Segment Start: Material for the task

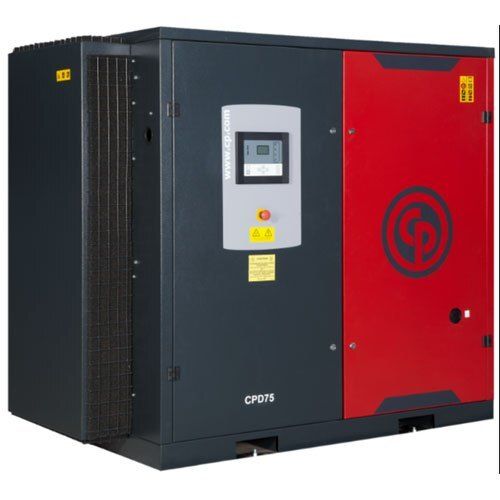 140 Cfm Air Cooled 50 Hp Piston Air Compressor, 6 Months Warranty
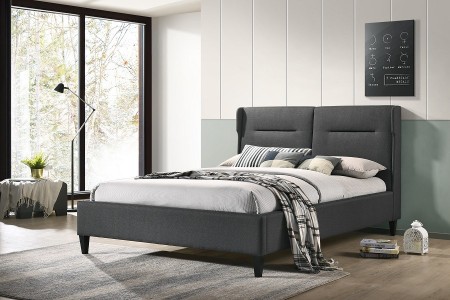 Infinity Upholstered Bed Frame With Drawers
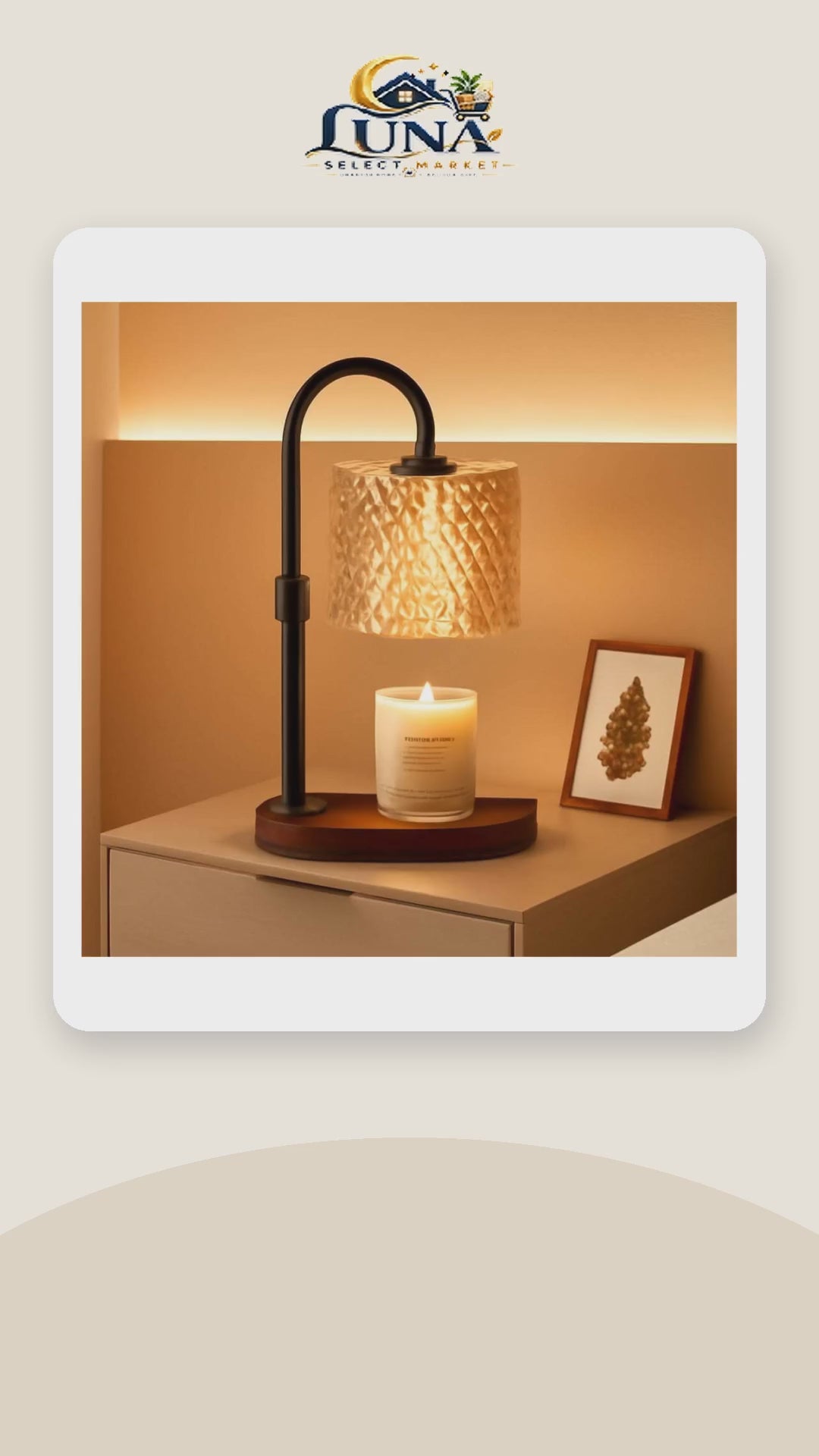 Candle Warmer Lamp – product video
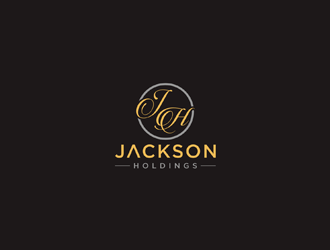 Jackson Holdings logo design by ndaru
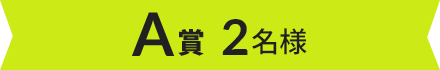 A賞 2名様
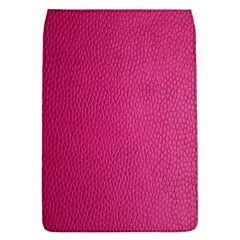 Pink Leather Leather Texture Skin Texture Removable Flap Cover (s) by artworkshop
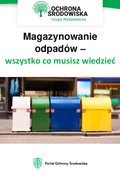 Magazynowanie odpadów - wszystko, co musisz wiedzieć - ebook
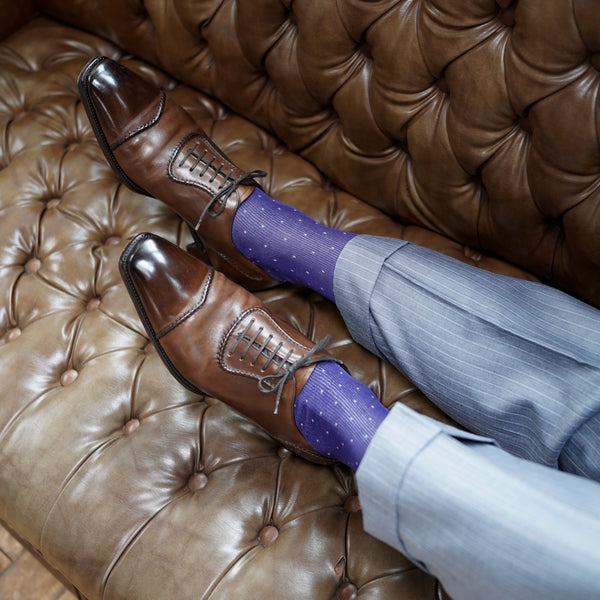 ファインドットロングホーズ - 靴下 Il Regalo/イルレガロ | HIGH QUALITY SOCKS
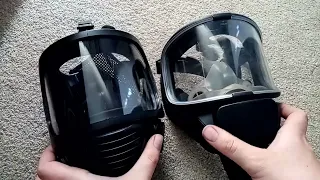 CM-6M Mira/Guzu gas mask review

Segment End: Material for the task

Required work: Would you reproduce the lines from the one with "ファインドットロングホーズ - 靴下" through the final line of the data above, exactly and only those, without any pictures?

Final answer:
 ファインドットロングホーズ - 靴下 Il Regalo/イルレガロ | HIGH QUALITY SOCKS
 CM-6M Mira/Guzu gas mask review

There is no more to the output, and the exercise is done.